OCR Reads, Gemma Reasons: ClaimSetu for Evidence-Backed Health Claim Review

Virat Chourasia — Sun, 24 May 2026 14:29:36 +0000

This is a submission for the Gemma 4 Challenge: Build with Gemma 4

What I Built

Claim review is not a chatbot problem. It is an evidence problem.

ClaimSetu was built to answer one question safely: does the submitted hospital claim packet contain enough evidence for a human reviewer to move forward?

ClaimSetu is a local-first, evidence-backed claim-review assistant for health insurance workflows. It reads messy claim packets — scanned PDFs, photos, discharge notes, bills, lab reports, procedure records, and clinical notes — and turns them into a reviewer-ready evidence pack.

It produces:

document classification and page triage
extracted claim fields with provenance
admission, diagnosis, treatment, and discharge timeline checks
missing-document and weak-evidence flags
package-rule findings
a PASS / CONDITIONAL / REVIEW recommendation for human review

In health insurance workflows, a delayed or unclear claim decision is not just an operational issue. It can create back-and-forth between hospitals, payers, and beneficiaries. ClaimSetu focuses on making review faster, more consistent, and more explainable without removing the human decision-maker.

The core principle is simple:

OCR reads. Gemma reasons. Humans decide.

ClaimSetu is not an autonomous adjudicator. If evidence is missing, weak, or contradictory, it does not guess. It escalates the claim to CONDITIONAL or REVIEW with source-backed reasons.

Demo

Video walkthrough: https://www.youtube.com/watch?v=pygwfJl8b5M

The demo shows ClaimSetu reviewing a severe anemia claim packet. The system identifies useful admission evidence, diagnostic evidence, and clinical notes, but flags missing treatment details, post-treatment evidence, and discharge summary evidence.

Instead of forcing an approval, ClaimSetu returns a CONDITIONAL recommendation with reviewer-facing reasons and evidence gaps.

That is the behavior I wanted: not a confident black box, but a cautious co-pilot for human reviewers.

Code

GitHub repository: https://github.com/ai-suraksha/claimsetu

The repository includes:

the local claim-review pipeline in claimsAssistant.py
a FastAPI demo app in app.py
an interactive browser demo in demo/index.html
architecture and design assets
setup instructions for running Gemma 4 locally through Ollama

The public repository does not redistribute real claim packets, patient identifiers, hospital names, doctor names, or private annotations. Raw claim data is expected to stay local and private.

How I Used Gemma 4

ClaimSetu uses Gemma 4 as the understanding and reasoning layer inside a hybrid evidence pipeline.
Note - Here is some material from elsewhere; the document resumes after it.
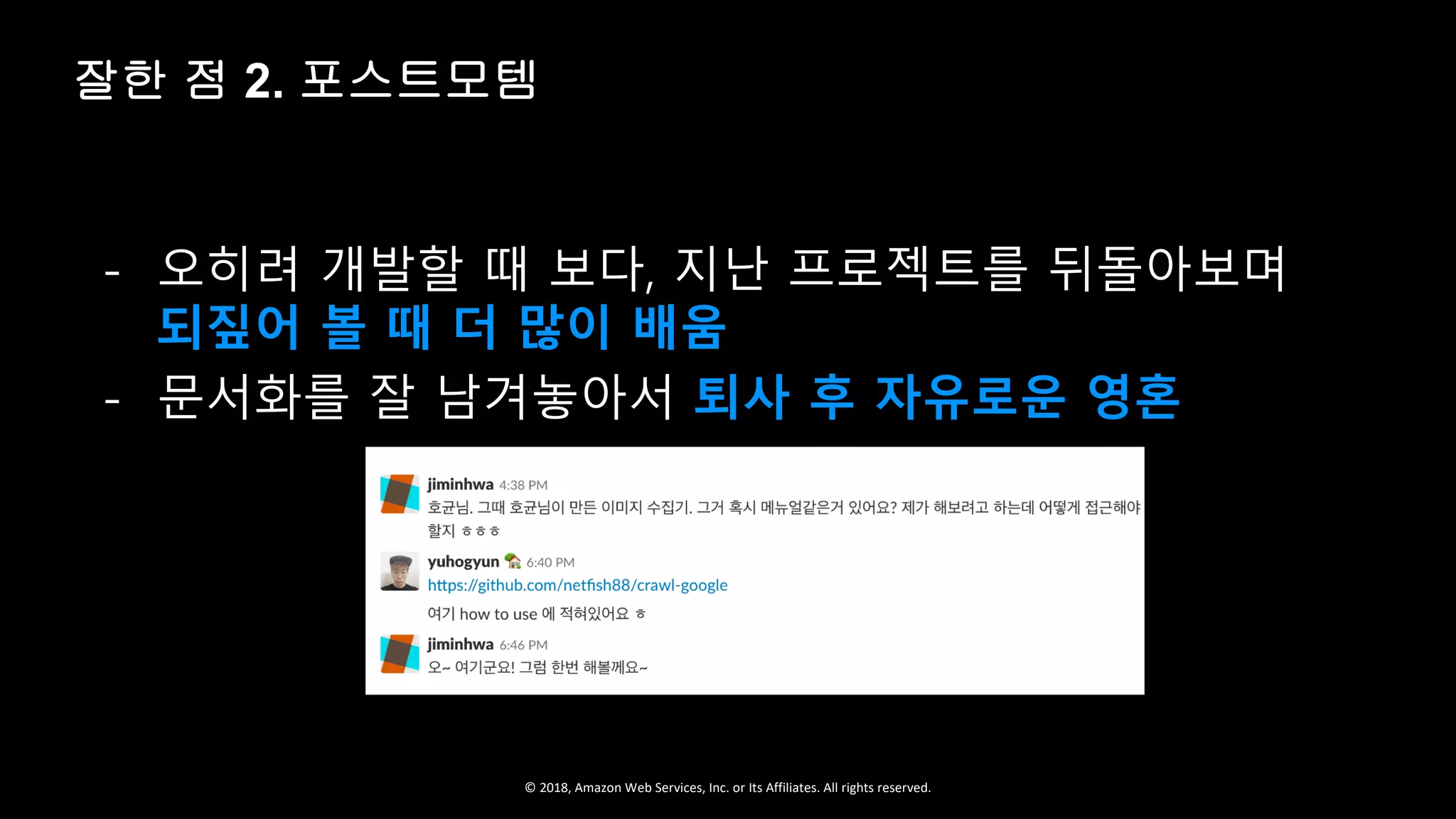 © 2018, Amazon Web Services, Inc. or Its Affiliates. All rights reserved.
- 오히려 개발할 때 보다, 지난 프로젝트를 뒤돌아보며
되짚어 볼 때 더 많이 배움
- 문서화를 잘 남겨놓아서 퇴사 후 자유로운 영혼
잘한 점 2. 포스트모템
I intentionally did not use Gemma as a black-box OCR engine. Healthcare claim review needs traceability: source page, extracted text, confidence, and evidence links. So ClaimSetu first uses PaddleOCR and PyTesseract to read documents, then sends the OCR evidence to Gemma 4.

I used a two-model strategy.

Gemma 4 E4B handles the edge layer:

cleanup of noisy OCR text
page triage
document classification fallback
structured extraction from messy claim pages

E4B was the right fit because this stage needs to be fast, local, and repeatable across many pages.
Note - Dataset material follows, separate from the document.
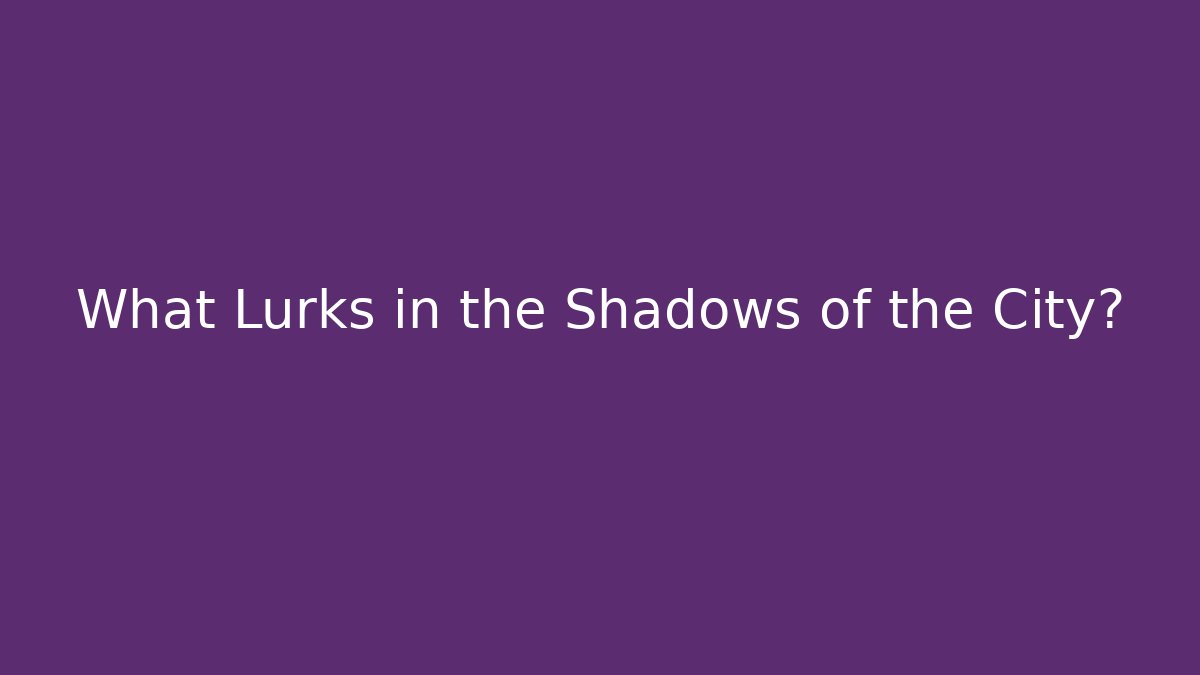What Lurks in the Shadows of the City?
Gemma 4 26B MoE handles the reasoning layer:

claim-level timeline interpretation
package-rule reasoning
contradiction detection
reviewer-facing explanation
PASS / CONDITIONAL / REVIEW recommendation

26B MoE was the right fit because final claim review needs broader context and stronger reasoning, while still supporting local or local-network inference.

The most important design choice was separating model reasoning from safety enforcement. Gemma interprets messy evidence and explains what the reviewer should verify next. Deterministic code enforces date validation, source-text checks, confidence thresholds, missing-document rules, and timeline consistency.

That separation made ClaimSetu more useful, more auditable, and safer for healthcare workflow.

What I Learned

The biggest lesson from building ClaimSetu was that LLMs are most useful in regulated workflows when they are constrained by evidence.

Gemma 4 was strongest when it had a focused job: structure messy OCR, reason over extracted facts, and explain what the reviewer should verify next.

The system became safer when I stopped asking the model to “decide the claim” and instead designed it to support a human reviewer.